Southeastern Section - 67th Annual Meeting - 2018

Paper No. 24-8
Presentation Time: 10:40 AM

HETEROCHRONY (PERAMORPHOSIS, PREDISPLACEMENT) IN A HOLLINELLID OSTRACODE SPECIES FROM THE PERMO-CARBONIFEROUS OF KANSAS


KNOX, Larry W., Department of Earth Sciences, Tennessee Technological Univ, Box 5062, Cookeville, TN 38505

Carboniferous genera of the ostracode family Hollinellidae have been considered by many workers to have true trimorphic species because dimorphism with respect to adventral structures (frills) appears only in the adult stage. All preadult molt stages lack frills. Bless (1969) reports a single exception to this condition from the Namurian (probably an early Pennsylvanian age equivalent) of Spain where frills occur in the last juvenile stage of a hollinellid ostracode.

Hollinellid ostracodes have been recovered from strata of the Council Grove Group of Kansas that span the Permo-Carboniferous boundary. Adults and juvenile specimens of a species of Hollinella (Hollinella) from the Janesville Shale and Foraker Limestone (uppermost Pennsylvanian) of Kansas number in the hundreds per kilogram. Most are preserved as valves rather than complete carapaces, which facilitates study of internal as well as external features. This species follows Brook’s rule for arthropod growth stages closely; individuals can be assigned to molt stages with confidence. The lithofacies and faunal changes that occur throughout the two lithic units indicate that they are parts of two relatively minor cyclothems, each of which represents both marine and non-marine environments. The hollinellid ostracodes occur within nearshore marine parts of the two sequences.

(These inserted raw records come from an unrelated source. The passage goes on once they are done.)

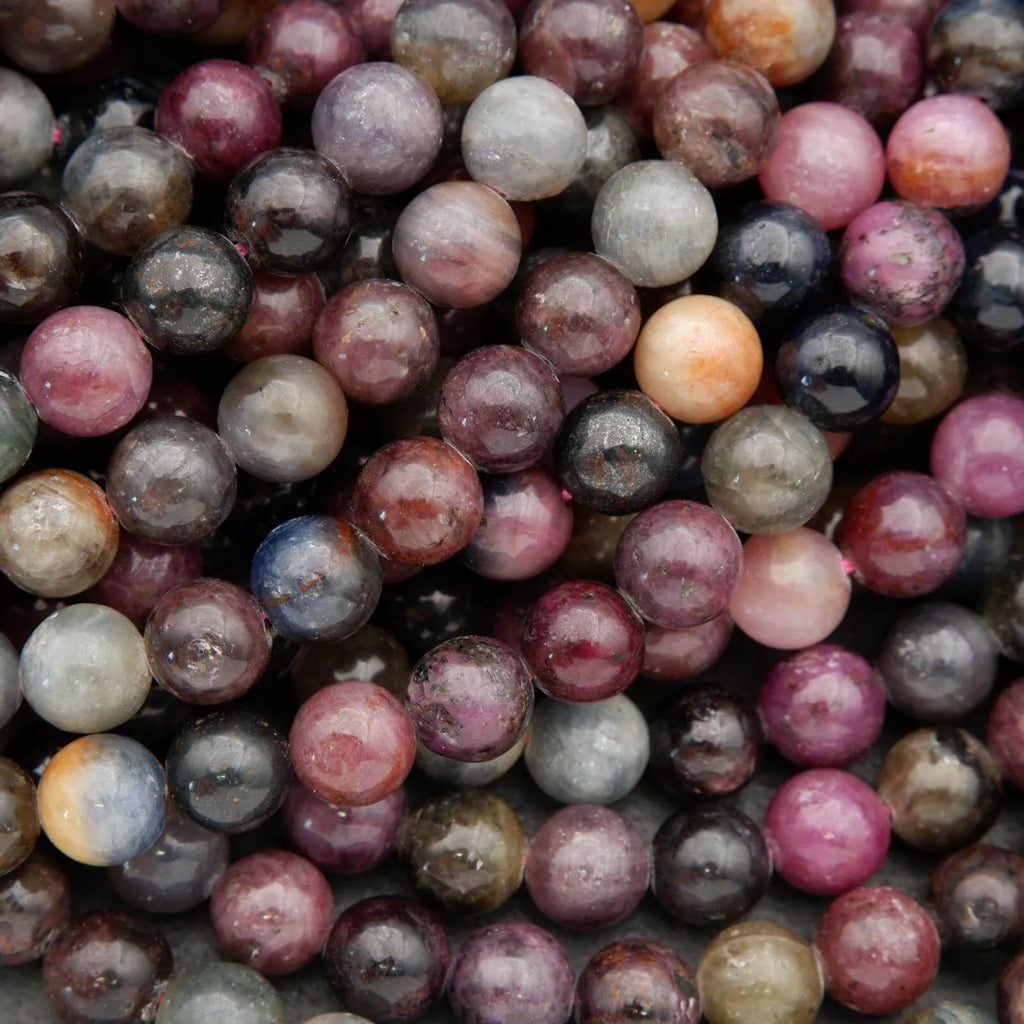 Round ruby and sapphire gemstone beads in mixed red, pink, blue, and grey tones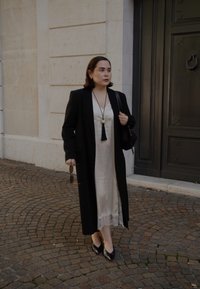 Cappotto lungo nero su un vestito di satin crema con bordo in pizzo. Gli accessori includono una lunga collana con un pon-pon e una piccola borsa nera. Scarpe con tacco nere.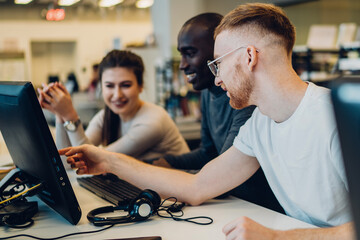 Cheerful students learning in library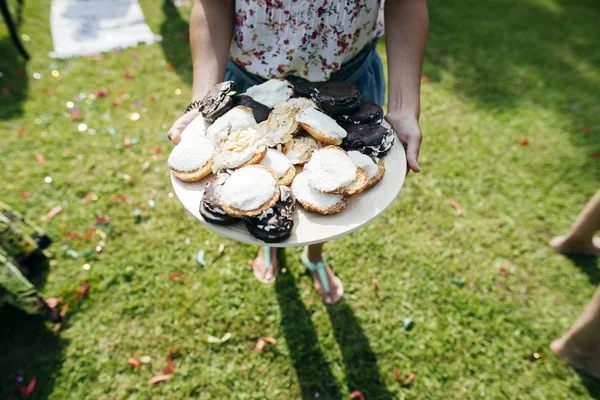 stock image High angle view of female holding tray with donuts at sunny yard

The Kansas hollinellid species is remarkable in that marginal adventral structures occur not only in the A-1 instar (similar to the Spanish Namurian species), but also in some specimens of A-2 and A-3 instars. Further, almost all A-1 instars have a single type of frill that is not incurved (?technomorphs), although one specimen has a frill that is incurved (?heteromorph); this suggests that precocious sexual dimorphism occurs in this species. Some A-3 or smaller instars have tubulous rather than completely calcified frills.

The evolutionary development in late juvenile growth stages of a feature that was present only in adults of an ancestor represents a type of heterochrony known as predisplacement. Evolution by the process of predisplacement in this species is interesting because that variety of evolutionary development is relatively uncommon.